The Singular Value Decomposition: the Swiss Army knife of data analysis applied to motion capture
The Singular Value Decomposition (SVD) is an incredibly useful tool with a staggering number of applications in seemingly unrelated fields. In this post I want to write about how the SVD is utilized to determine the orientation of a body segment from the skin markers attached to it. It's an interesting application of the SVD because it has straightforward geometrical interpretation.
Say that we have attached 5 skin markers to the humerus and are tracking them via a motion capture (mocap) system. For each capture frame (determined by the capture frequency), the mocap system provides the 3D coordinates of each of the 5 markers.

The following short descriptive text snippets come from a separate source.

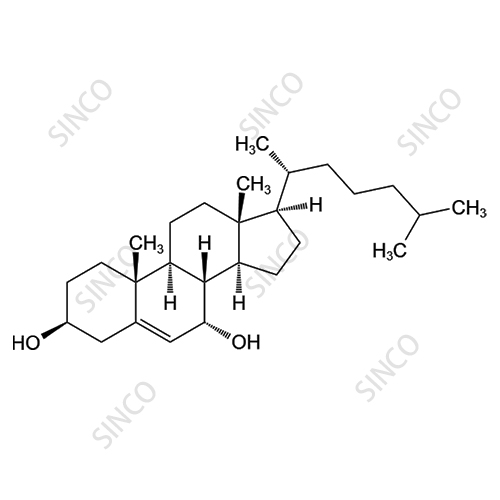 7-alfa-Hydroxy-Cholesterol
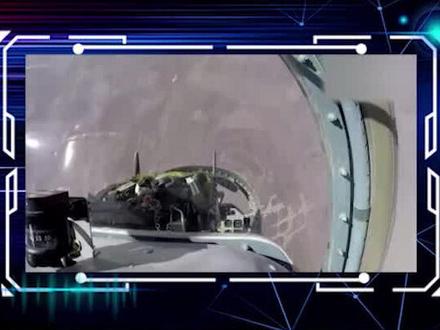 老飞解密:教8也能落叶飘,失速尾旋如何改出?#科普 #涨知识 #飞行 @抖音小助手 @DOU+小助手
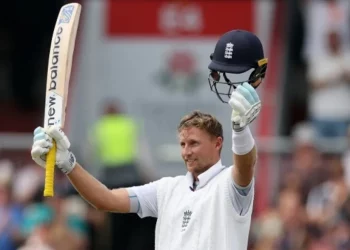 Joe Root Matches Ponting Test Century Tally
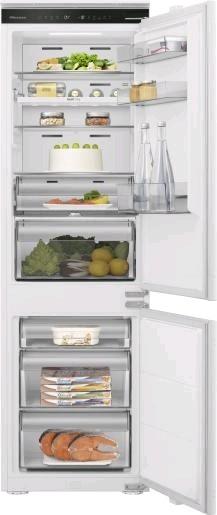 Produktbild Hisense HBI54250E Kombikühlschrank 252 Liter Klasse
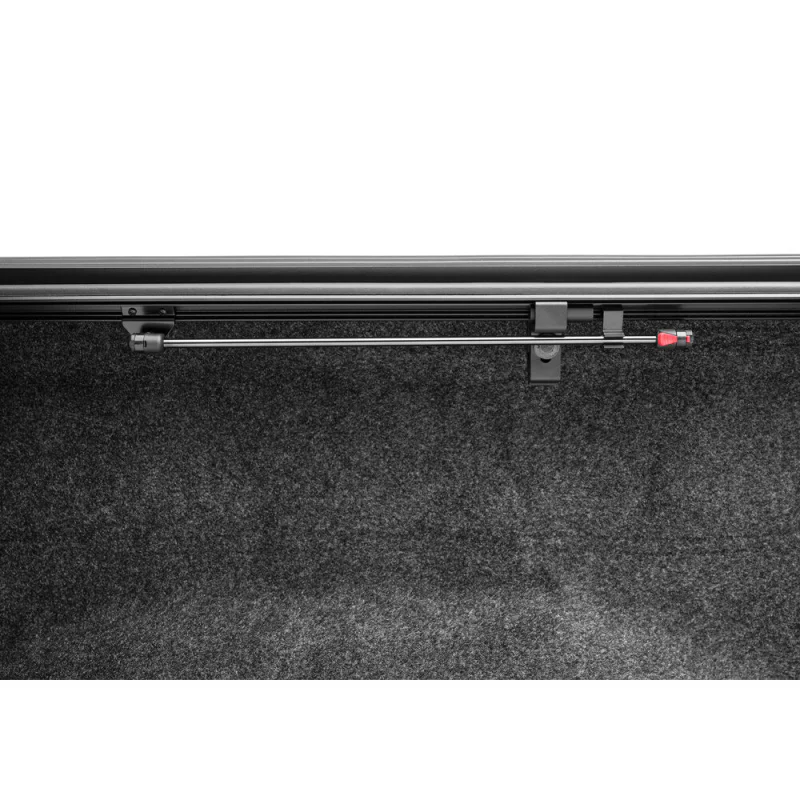 UnderCover Ultra Flex 02-18 (19-23 Classic) Ram 1500/03-24 2500/3500 6'4" w/out RamBox Model UX32004 - Image 6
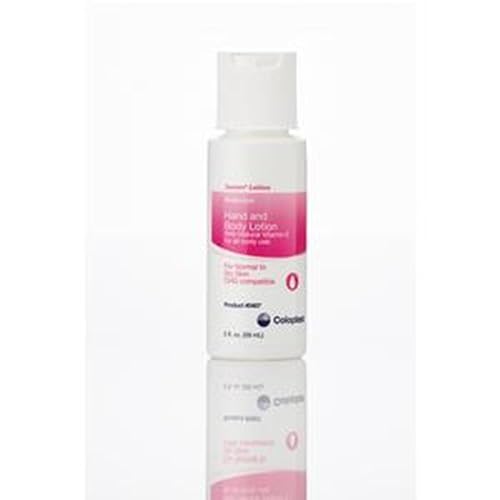 Coloplast Inc 620407 Sween Moisturizing Lotion, 2 Oz.,Coloplast Inc - Each 1 Beauty & Personal Care Coloplast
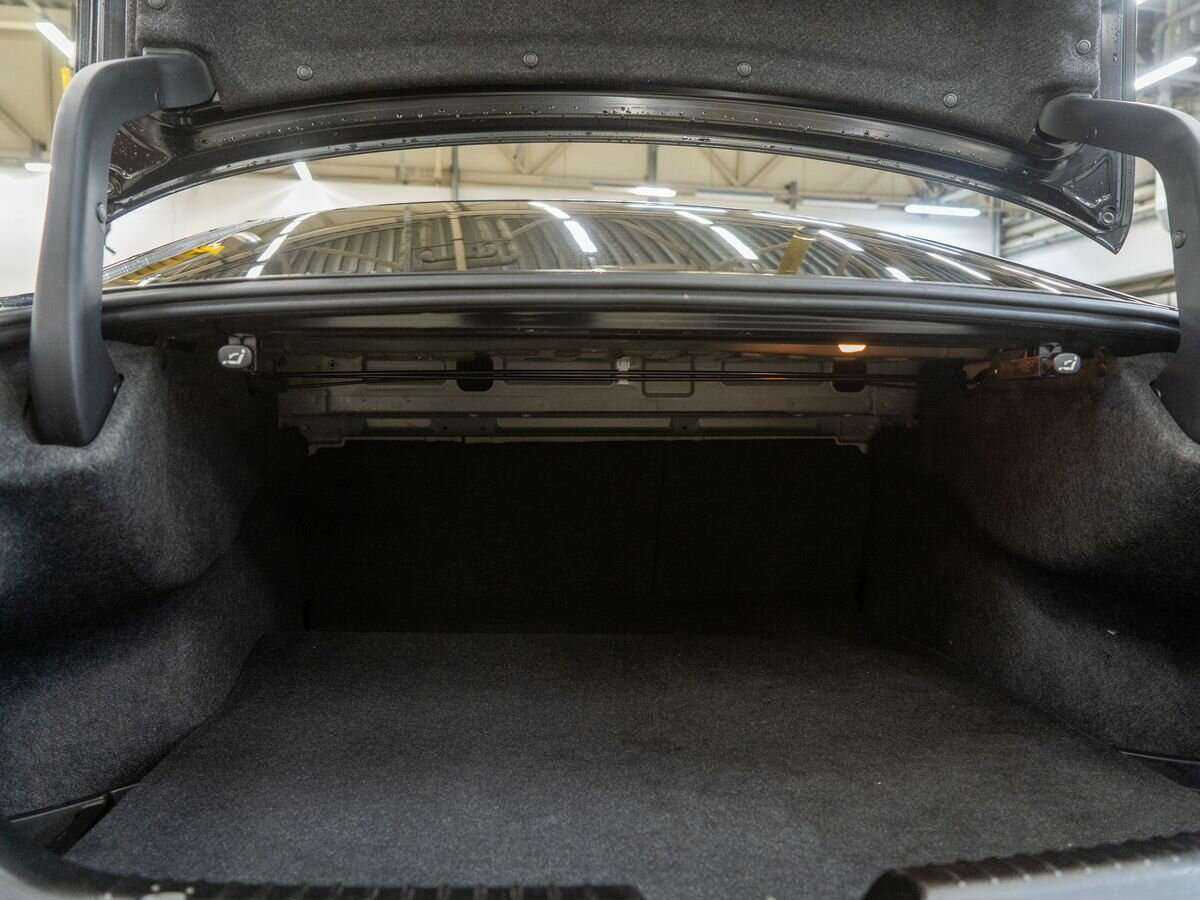 Mazda 6 б/у, 2017, Автоматическая. Фото: #7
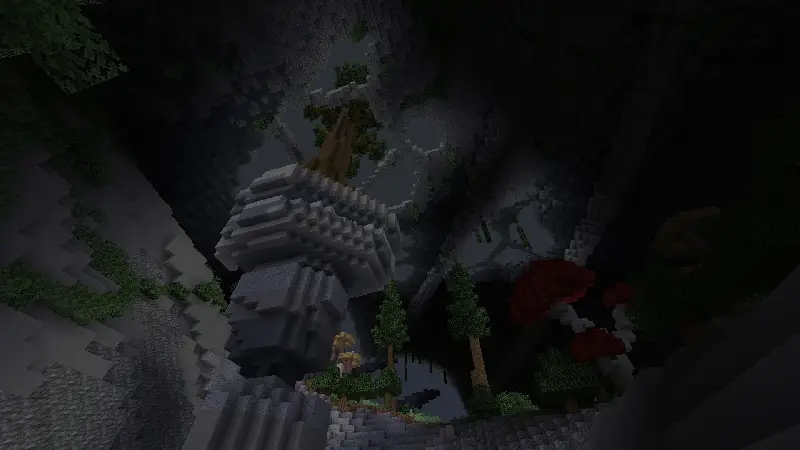 Скриншот Драконий остров №5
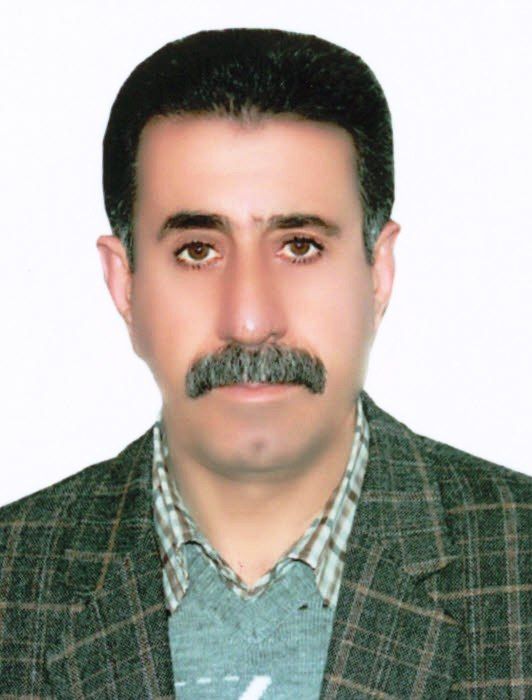 Ahmad Rastkhiz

Suppose that at frame 0 we identified the marker positions via the 3x5 matrix \(\boldsymbol{A}\), where each \(\boldsymbol{a}_i\) is a column vector representing the 3D position of the \(i\)th marker.

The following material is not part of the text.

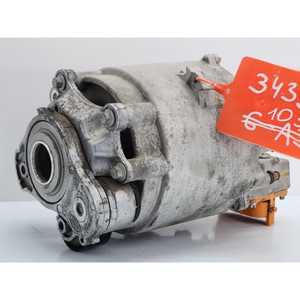 เครื่องกำเนิดไฟฟ้ากระแสสลับแลนด์โรเวอร์ เรนจ์ โรเวอร์ อีโวค ซีรีส์ L8D211A242AD PT153 เบนซิน 1498 (18>) - Product Image 1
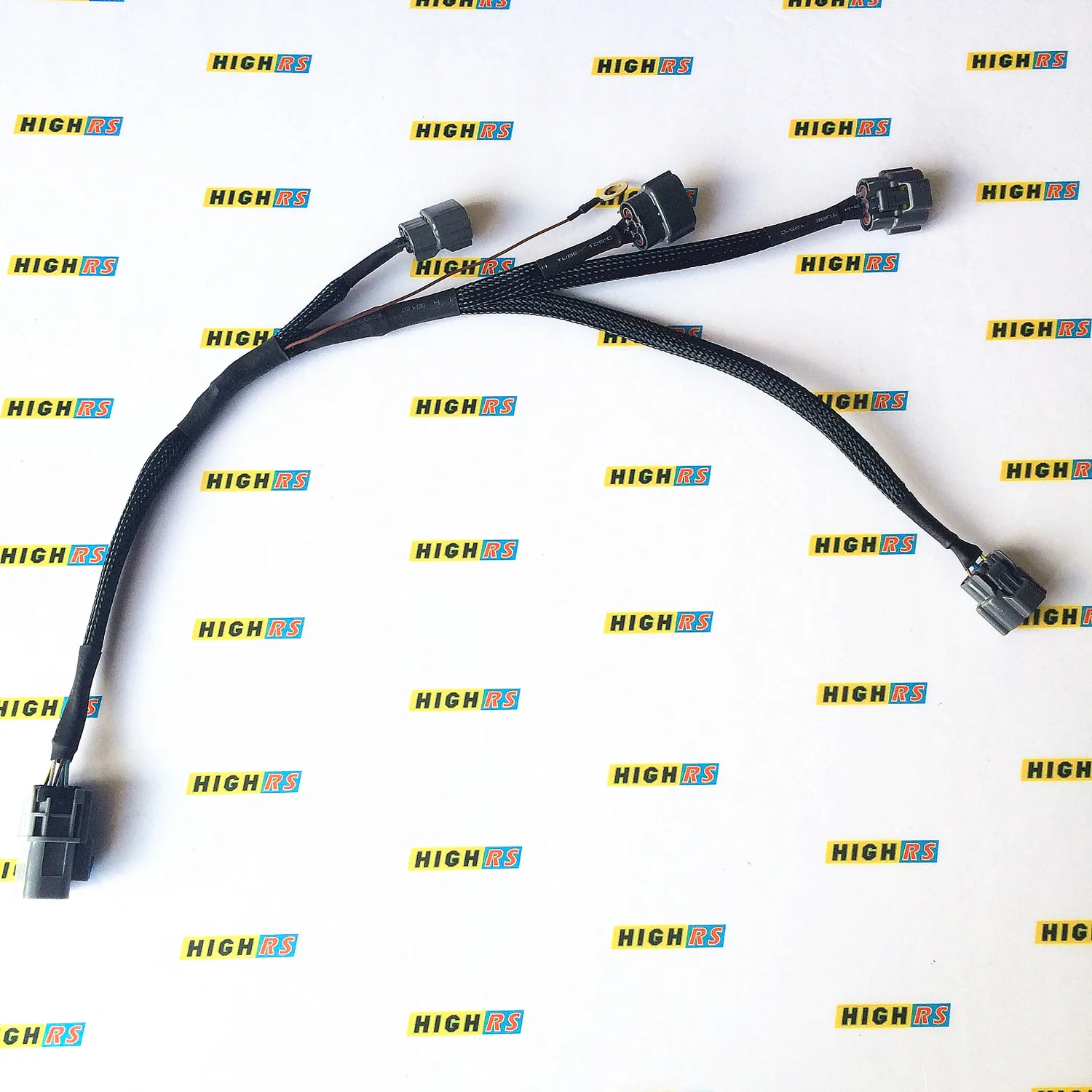 Wire Harness Loom Silvia S15 200SX SR20DET X-TRAIL SR20VET Ignition plug Coil OE PLUG Connector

\[ \boldsymbol{A} = \begin{bmatrix} \boldsymbol{a_1} & \boldsymbol{a_2} & \boldsymbol{a_3} & \boldsymbol{a_4} & \boldsymbol{a_5} \end{bmatrix} \]
Suppose that at some later point in time, say frame 10, we measured the marker positions and stored them in the 3x5 matrix, \(\boldsymbol{B}\):
\[ \boldsymbol{B} = \begin{bmatrix} \boldsymbol{b_1} & \boldsymbol{b_2} & \boldsymbol{b_3} & \boldsymbol{b_4} & \boldsymbol{b_5} \end{bmatrix} \]
What we wish to find is a 3x1 translation vector, \(\boldsymbol{t}\), and a 3x3 rotation matrix, \(\boldsymbol{R}\) such that:
\[ \boldsymbol{B} = \boldsymbol{R} \cdot \boldsymbol{A} + \boldsymbol{t} \]
In general, under practical considerations, a solution to the above equation does not exist. The markers will slide around the skin, and the measurement system will have some amount of noise - making it impossible to find a proper orthogonal matrix, \(\boldsymbol{R}\), which satisfies the equation above. What we can find is \(\boldsymbol{R}\) and \(\boldsymbol{t}\) that minimize the error below in a least-squares sense:
\[ \boldsymbol{e} = \boldsymbol{B} - (\boldsymbol{R} \cdot \boldsymbol{A} + \boldsymbol{t}) \]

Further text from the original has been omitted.